OTHERMulligan mobilization

Participants assigned to the Mobilization with Movement (MWM) group will receive manual therapy based on the Mulligan concept. The intervention will consist of the application of sustained, pain-free accessory mobilization to the glenohumeral joint combined with active physiological shoulder movements, primarily in shoulder flexion and abduction. The direction and grade of mobilization will be individually determined according to the patient's symptoms and movement restrictions, ensuring that all movements are performed within a pain-free range. MWM interventions will be administered by a trained physiotherapist following a standardized treatment protocol. Each treatment session will last approximately 20-30 minutes and will be applied multiple times per week throughout the intervention period. The primary goal of the intervention is to improve joint mechanics, reduce pain, and enhance proprioceptive input by facilitating normal, pain-free movement patterns.

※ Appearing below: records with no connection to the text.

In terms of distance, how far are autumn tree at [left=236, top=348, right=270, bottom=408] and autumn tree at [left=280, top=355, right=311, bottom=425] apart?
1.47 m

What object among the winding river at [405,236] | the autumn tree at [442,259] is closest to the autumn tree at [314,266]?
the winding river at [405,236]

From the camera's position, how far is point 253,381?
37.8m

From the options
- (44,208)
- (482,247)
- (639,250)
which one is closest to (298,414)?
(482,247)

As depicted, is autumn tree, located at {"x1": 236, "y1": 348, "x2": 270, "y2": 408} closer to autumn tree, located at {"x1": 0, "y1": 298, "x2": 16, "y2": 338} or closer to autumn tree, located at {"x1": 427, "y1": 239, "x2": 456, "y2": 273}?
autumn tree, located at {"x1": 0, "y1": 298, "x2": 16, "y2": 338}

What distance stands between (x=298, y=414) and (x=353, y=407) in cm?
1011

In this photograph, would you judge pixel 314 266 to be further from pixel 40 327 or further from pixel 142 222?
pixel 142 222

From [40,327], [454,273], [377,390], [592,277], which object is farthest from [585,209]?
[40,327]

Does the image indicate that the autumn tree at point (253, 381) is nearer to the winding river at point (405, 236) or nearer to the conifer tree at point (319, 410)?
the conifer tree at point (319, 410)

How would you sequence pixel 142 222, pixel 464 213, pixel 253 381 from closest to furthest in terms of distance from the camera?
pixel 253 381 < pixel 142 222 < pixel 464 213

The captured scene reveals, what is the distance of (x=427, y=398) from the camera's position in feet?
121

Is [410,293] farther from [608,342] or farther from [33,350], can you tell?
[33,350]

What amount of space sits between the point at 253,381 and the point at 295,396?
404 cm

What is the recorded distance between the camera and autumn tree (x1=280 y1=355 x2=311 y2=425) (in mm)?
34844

OTHERConventional Physiotherapy

Participants allocated to the conventional physiotherapy group will receive a standard rehabilitation program commonly used for rotator cuff lesions. The intervention will include therapeutic exercises targeting shoulder range of motion, strengthening of the rotator cuff and scapular stabilizing muscles, and stretching exercises for periarticular soft tissues. Physical therapy modalities such as heat or ultrasound may be applied as needed for pain management. This intervention will be delivered by a physiotherapist according to established clinical guidelines. Mobilization with Movement or other Mulligan-based manual therapy techniques will not be included in this group.


Locations(1)

Ahi Evran University

Kırşehir, Turkey (Türkiye)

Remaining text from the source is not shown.